Here are a few guides, tutorials, articles, etc. that you could read in order to learn more about computer protection and security to improve your current computer protection setup but also improve your good web browsing and computer usage practices :
Answers to common security questions - Best Practices (http://www.bleepingcomputer.com/forums/t/407147/answers-to-common-security-questions-best-practices/) by quietman7
How Malware Spreads - How did I get infected (http://www.bleepingcomputer.com/forums/t/287710/how-malware-spreads-how-did-i-get-infected/) by quietman7
Simple and easy ways to keep your computer safe and secure on the Internet (http://www.bleepingcomputer.com/tutorials/keep-your-computer-safe-online/) by Lawrence Abrams (aka Grinler)
How to Prevent Malware (http://users.telenet.be/bluepatchy/miekiemoes/prevention.html) by miekiemoes
Tips & Advice (http://www.staysafeonline.org/stop-think-connect/tips-and-advice) on StaySafeOnline.org
created by Aura
http://i.imgur.com/gRvSooB.pngThe End!
Hi
I wanted to again thank you for all of your help. While setting up my wife's new laptop I deleted everything on my external HD on my laptop, which was everything I had for the last 15yrs. A dumb mistake on my part using the HD to install Windows 10 on her laptop and it reformated and deleted everything, so I am starting from zero now. Her setup is good to go now and I think I will eventually wipe everything from my laptop and start fresh which will hopefully end my security issues. I really learned a lot from you and I am still reading through some of the links you sent. Thank you so much you're really nice.
Mike
You know, the best way to ensure safety on the infected computer was to actually reformat it.

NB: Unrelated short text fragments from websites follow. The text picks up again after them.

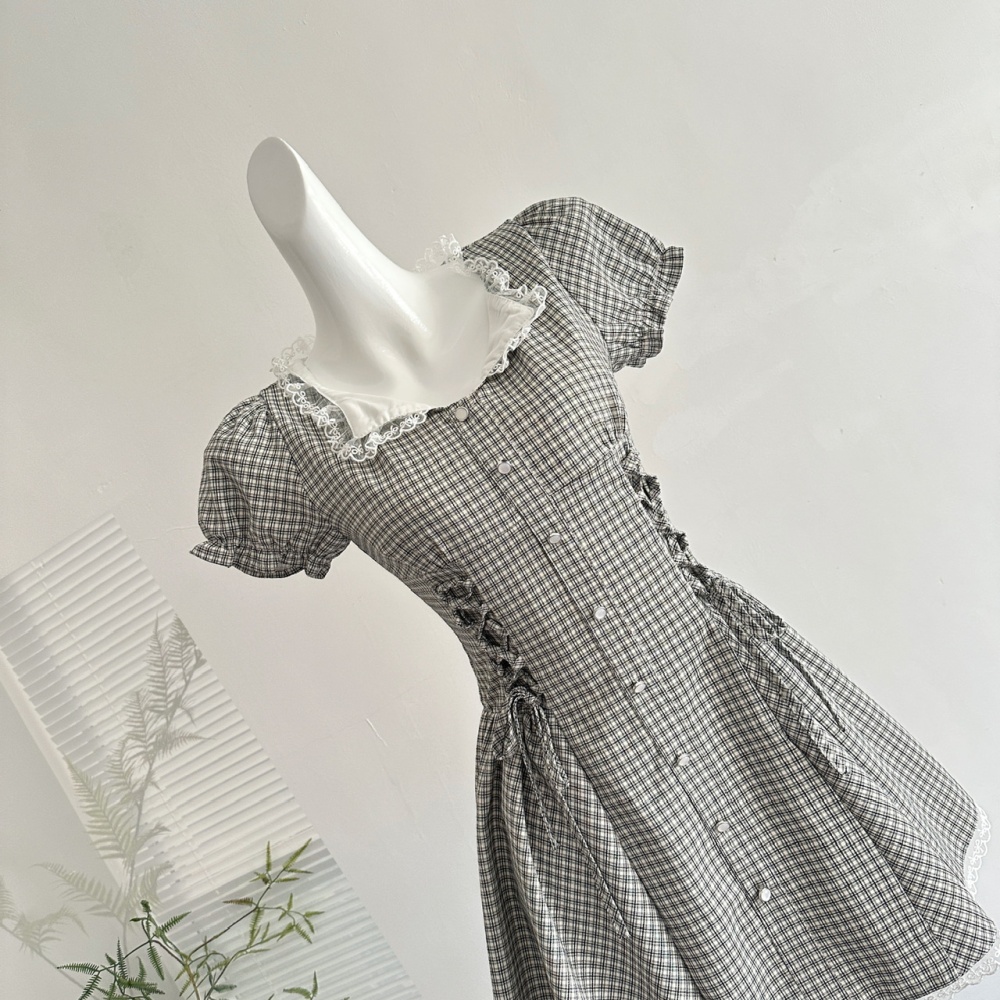 Black-white plaid T-back summer pinched waist dress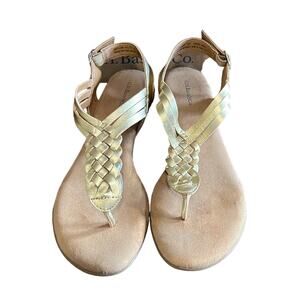 G.H. Bass & Co Liliana 9M Gold Braided Sandals Thong Comfort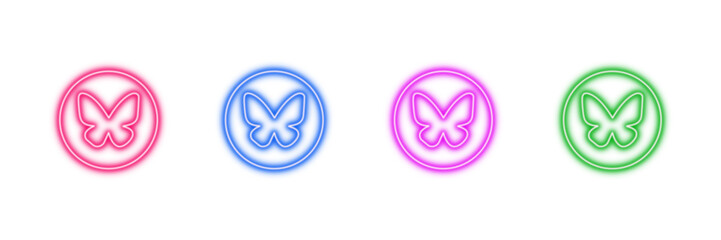 Neon glowing butterfly vector icons set, nature, insect, spring, beauty, glow, vibrant colorful digital design illustration on transparent background.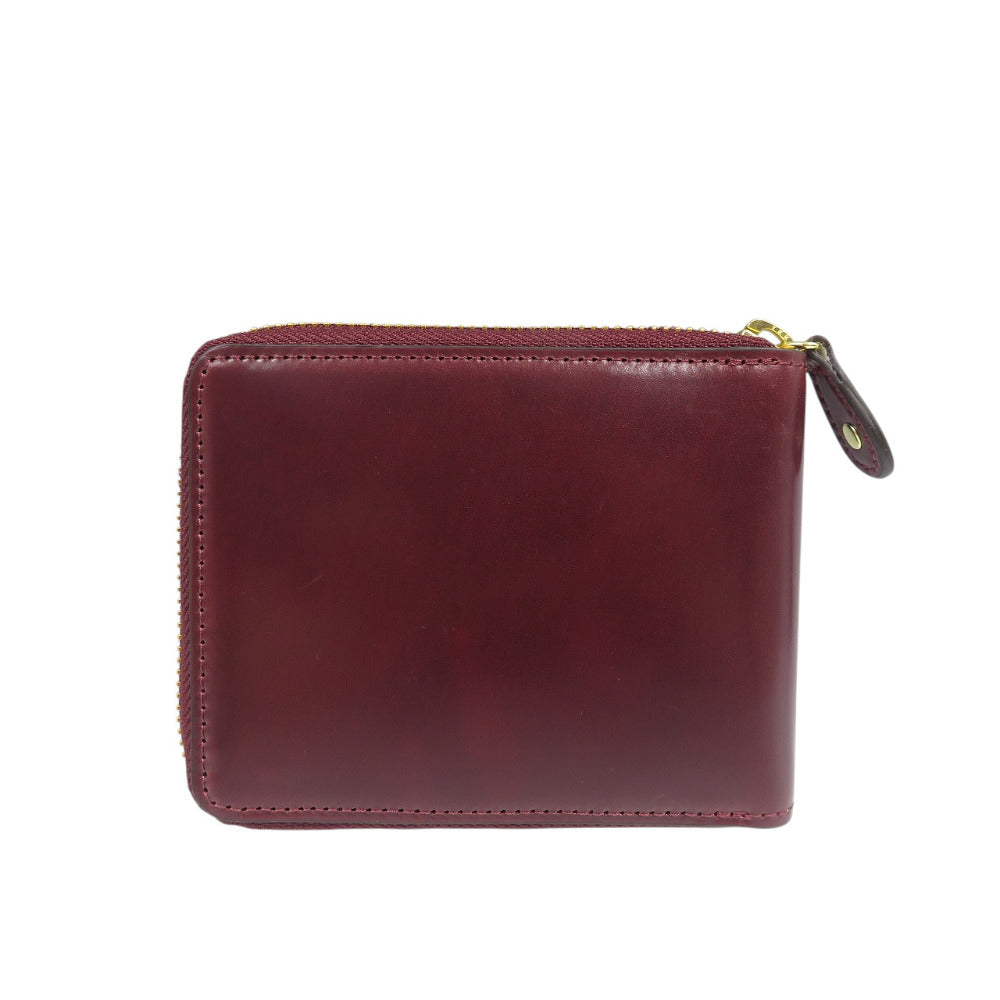 未使用 ロカド シェルコードバン イタリア馬革 ダークブラウンラウンドファスナー 二つ折り財布 0744【中古】ROCADO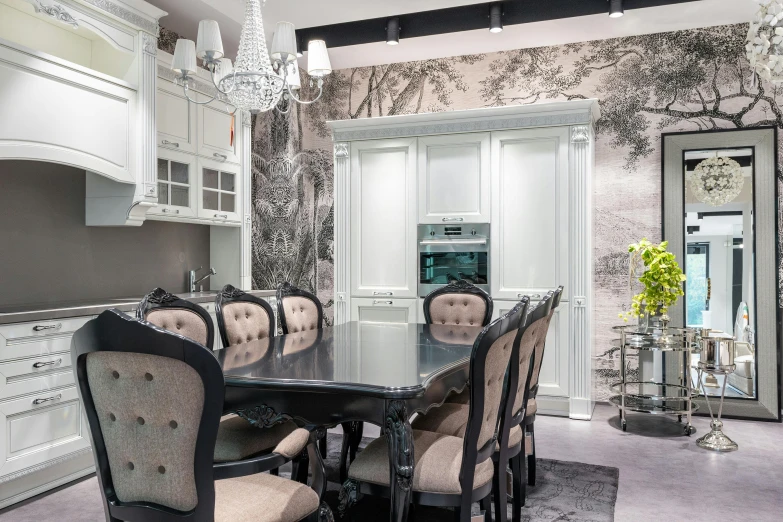 a dining room table with chairs and a chandelier, inspired by Albert Paris Gütersloh, luxury bespoke kitchen design, photo - realistic wallpaper, monochrome background, colonial style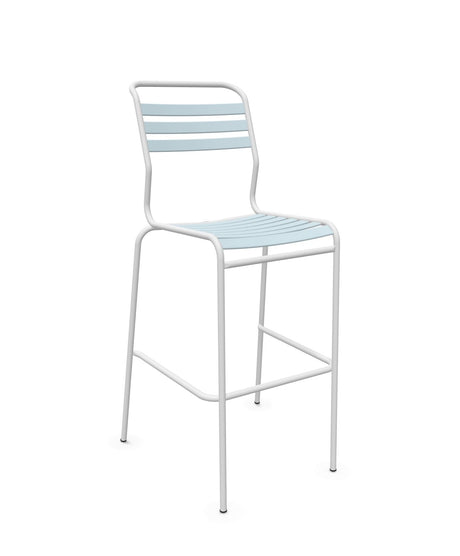 Schaffner Säntis Tabouret de bar à lattes Bleu Pastel 51 Blanc 90 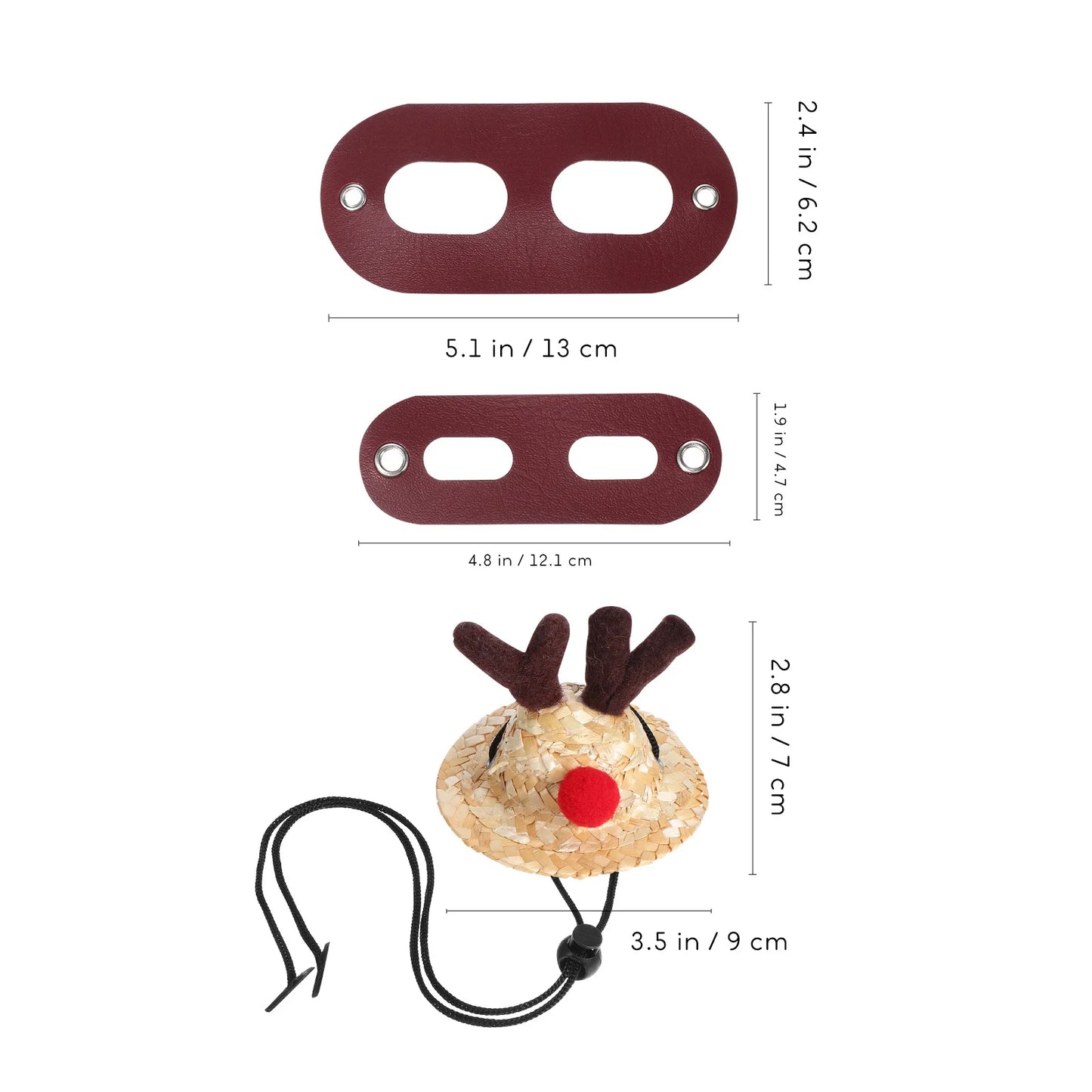 1Set Reptile Christmas Costume Hat Scarf Leash Bearded Dragon Lizard Pet Supplies Comfortable Wearable Pet Christmas Hat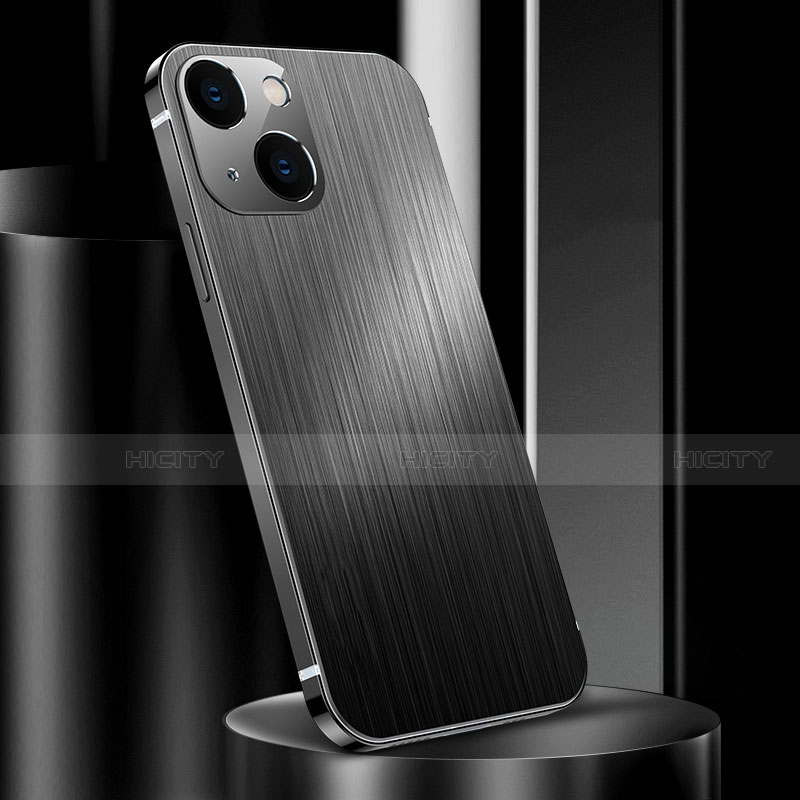 Coque Luxe Aluminum Metal Housse Etui pour Apple iPhone 14 Plus Noir Plus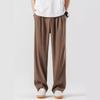 Herren Braune Anzüge Hosen Blazer Gerade Hosen Sommerkleidung Hosen Lässige Eisseidenhosen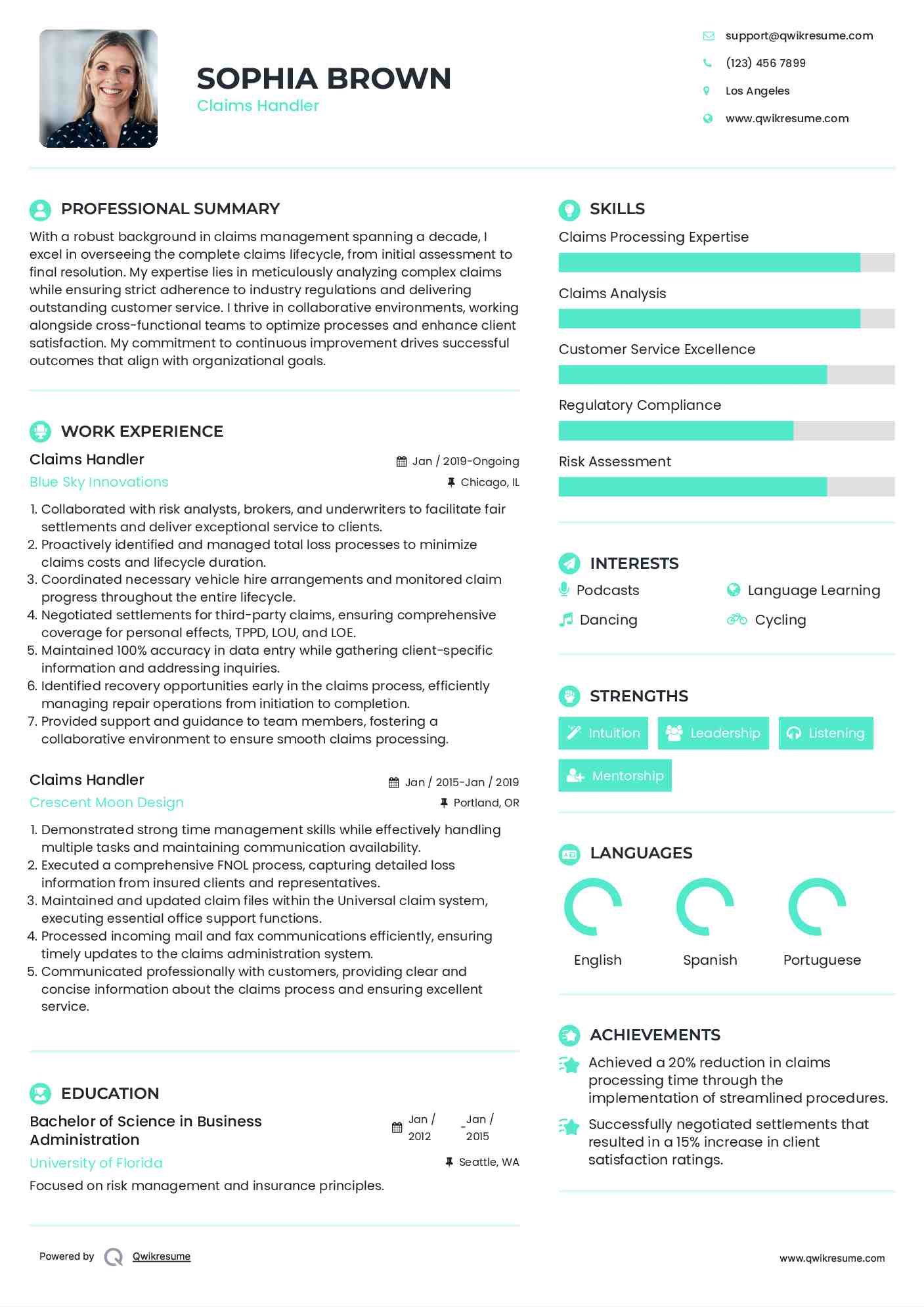 Claims Handler Resume Format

This also brings to mind the urgent need to make backups to make it all a smoother transition.
If this had happened on mine I would not had hesitated.
We're glad to help.http://i.imgur.com/SakDYGv.gif
I know,I had it backed up but screwed up and deleted it along with everything else. oh well
Glad we could help. http://i.imgur.com/SakDYGv.gif
Since this issue appears resolved ... this Topic is closed.